I'm trying to create the Galois group lattice and the corresponding field lattice for the polynomial $f(x) = x^3-3x+4$ over $\mathbb{Q}$, but I'm having a small issue, first I'll explain what I've done so far.
I noticed that $f$ is irreducible in $\mathbb{F}_5[x]$, and thus $f$ is indeed irreducible over $\mathbb{Q}$. Furthermore, the splitting field $K_{/\mathbb{Q}}$ contains a root of $f$, and since $f' \neq 0$ in $K$, I know that $f$ contains no multiple roots, implying that $f$ is separable.
Finally, $f$ has discriminant $D(f) = -324$ which isn't a square in $\mathbb{Q}$, implying from a Galois theory theorem that $\text{Gal}(K_{/\mathbb{Q}}) \cong D_3 = \langle a,b \: | \: a^3=b^2=e, \: ba=a^2b \rangle$. Hence I know that $f$ has a single real root $\alpha$ and a pair of complex conjugate roots $\beta,\overline{\beta}$, implying that $K = \mathbb{Q}(\alpha,\beta)$.
Then I noticed that $i \in K$, since $\text{Re}(\beta), \text{Im}(\beta) \in K$, since $\frac{\beta+\overline{\beta}}{2} \in K$ and $\frac{\beta-\overline{\beta}}{2} \in K$, implying that: $$(\beta-\text{Re}(\beta))\text{Im}(\beta)^{-1} = i \in K \implies \mathbb{Q}(i) \subset K.$$
Now, I think I have enough to start making the lattice. I know that:
- $\langle e \rangle \sim K$
- $D_3 \sim \mathbb{Q}$
- I have to match up the groups $\langle a \rangle$, $\langle b \rangle$, $\langle ab \rangle$, and $\langle a^2b \rangle$.

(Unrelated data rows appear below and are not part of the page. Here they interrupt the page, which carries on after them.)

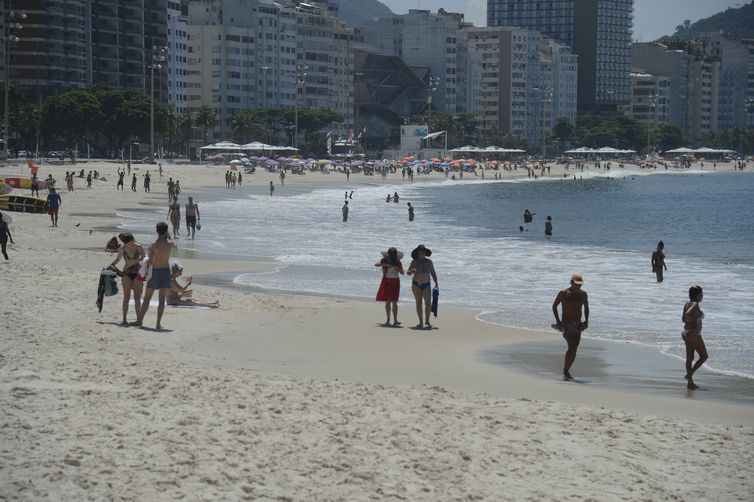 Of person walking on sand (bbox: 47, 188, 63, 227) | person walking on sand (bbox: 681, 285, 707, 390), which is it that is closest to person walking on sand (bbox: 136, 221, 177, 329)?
person walking on sand (bbox: 681, 285, 707, 390)

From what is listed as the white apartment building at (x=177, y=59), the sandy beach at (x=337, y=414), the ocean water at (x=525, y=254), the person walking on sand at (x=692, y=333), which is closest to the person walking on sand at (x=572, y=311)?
the sandy beach at (x=337, y=414)

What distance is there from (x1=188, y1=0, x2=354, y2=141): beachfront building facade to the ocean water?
93334mm

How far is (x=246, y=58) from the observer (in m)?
178

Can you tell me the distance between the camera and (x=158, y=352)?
15516 mm

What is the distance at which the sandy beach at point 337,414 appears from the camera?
9.93 m

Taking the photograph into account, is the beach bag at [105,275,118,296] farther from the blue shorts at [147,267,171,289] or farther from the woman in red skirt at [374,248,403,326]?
the woman in red skirt at [374,248,403,326]

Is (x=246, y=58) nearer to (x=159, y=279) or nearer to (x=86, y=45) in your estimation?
(x=86, y=45)

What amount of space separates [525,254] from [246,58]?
14367 cm

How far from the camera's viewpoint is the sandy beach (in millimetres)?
9930

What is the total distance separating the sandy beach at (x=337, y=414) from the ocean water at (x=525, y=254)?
3.45m

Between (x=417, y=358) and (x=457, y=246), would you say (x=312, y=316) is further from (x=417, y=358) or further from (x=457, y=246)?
(x=457, y=246)

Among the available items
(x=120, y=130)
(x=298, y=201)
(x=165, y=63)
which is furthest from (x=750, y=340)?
(x=165, y=63)

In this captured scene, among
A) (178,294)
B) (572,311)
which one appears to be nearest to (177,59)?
(178,294)

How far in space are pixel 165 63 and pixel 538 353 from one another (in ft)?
500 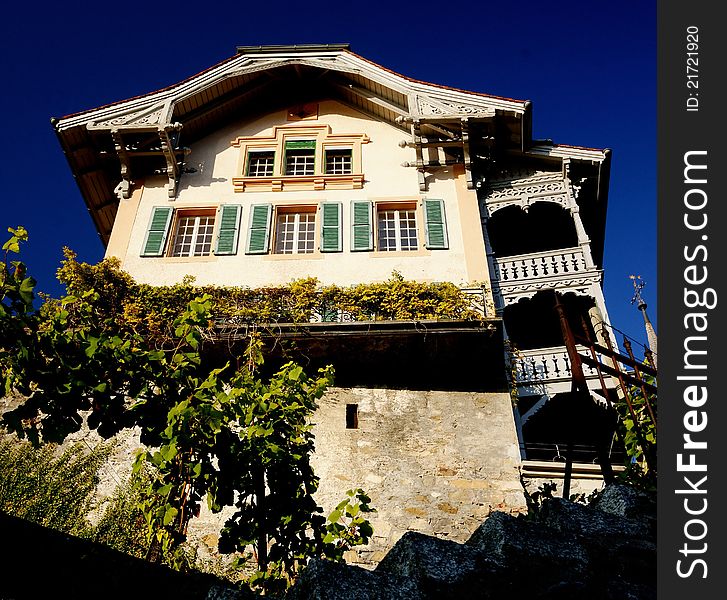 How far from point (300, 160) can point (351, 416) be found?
7.60m

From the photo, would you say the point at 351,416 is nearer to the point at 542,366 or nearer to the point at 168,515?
the point at 542,366

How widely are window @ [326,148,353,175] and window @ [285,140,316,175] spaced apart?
1.29ft

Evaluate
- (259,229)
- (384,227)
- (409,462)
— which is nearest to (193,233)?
(259,229)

Hence, I just need to find automorphisms $\sigma_a,\sigma_b$ corresponding to the generators $a,b$ of $D_3$, and I should be done. The obvious automorphism I thought of for $\sigma_b$ was: $$\sigma_b:\begin{cases} \alpha \mapsto \alpha \\ \beta \mapsto \overline{\beta} \\\end{cases}$$
I chose this one since then $|\sigma_b|=2$, and hence has index $3$, corresponding to the field $\mathbb{Q}(\alpha)$. Thus, we have that $\langle b \rangle \sim \mathbb{Q}(\alpha)$. This leaves $\mathbb{Q}(\beta) = \mathbb{Q}(i)$ (since the real and imaginary parts of $\beta$ are in here by above). This is a degree $2$ extension over $\mathbb{Q}$ and so I figured I would want $\sigma_a$ to be the automorphism whos fixed field is $\mathbb{Q}(i)$.

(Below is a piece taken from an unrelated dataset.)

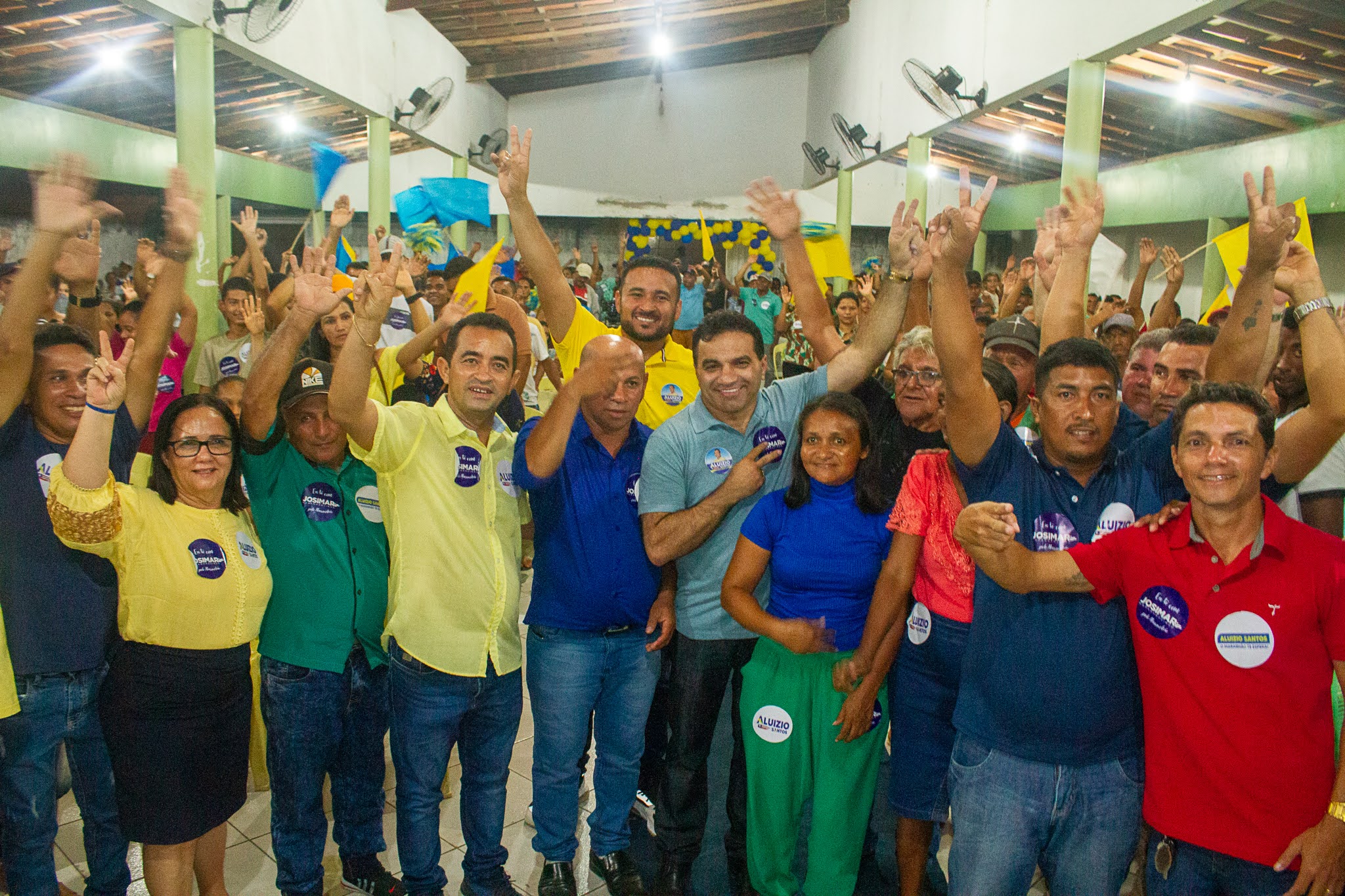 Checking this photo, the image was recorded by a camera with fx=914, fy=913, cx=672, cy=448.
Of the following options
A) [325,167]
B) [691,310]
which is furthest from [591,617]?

$\textbf{(Problem starts here})$, so I need $\sigma_a$ to fix $i$, but I don't know what $\sigma_a$ does to $\text{Re}(\beta), \text{Im}(\beta)$. I know it $\textbf{cant}$ fix these elements (im pretty sure atleast) since if $\sigma_a$ fixed $\beta$, then it fixes $\overline{\beta}$, and hence it must fix $\alpha$ too, but this is just the identity map.
- $\textbf{First Issue}$: I don't know what $\sigma_a$ should be, as I dont know what $\alpha,\beta$ actually are.

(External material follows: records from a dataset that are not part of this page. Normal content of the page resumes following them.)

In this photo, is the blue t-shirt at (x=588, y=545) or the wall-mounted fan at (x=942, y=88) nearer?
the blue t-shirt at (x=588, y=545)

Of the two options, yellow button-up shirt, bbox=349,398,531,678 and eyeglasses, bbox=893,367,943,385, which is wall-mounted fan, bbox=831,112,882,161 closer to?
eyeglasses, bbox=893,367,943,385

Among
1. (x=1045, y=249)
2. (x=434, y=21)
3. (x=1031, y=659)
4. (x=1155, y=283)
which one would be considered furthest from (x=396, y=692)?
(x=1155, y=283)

- $\textbf{Second Issue}$: I still need to match $\langle ab \rangle$ and $\langle a^2b \rangle$ to intermediate fields of $K$, which I don't know yet, but I beleive this is doable once I know that $\sigma_a$ is, as then I can find out what $\sigma_a \sigma_b$ and $\sigma_a^2 \sigma_b$ both fix, and go from there.
I'd really appreciate a respond on how to proceed from here. Thanks!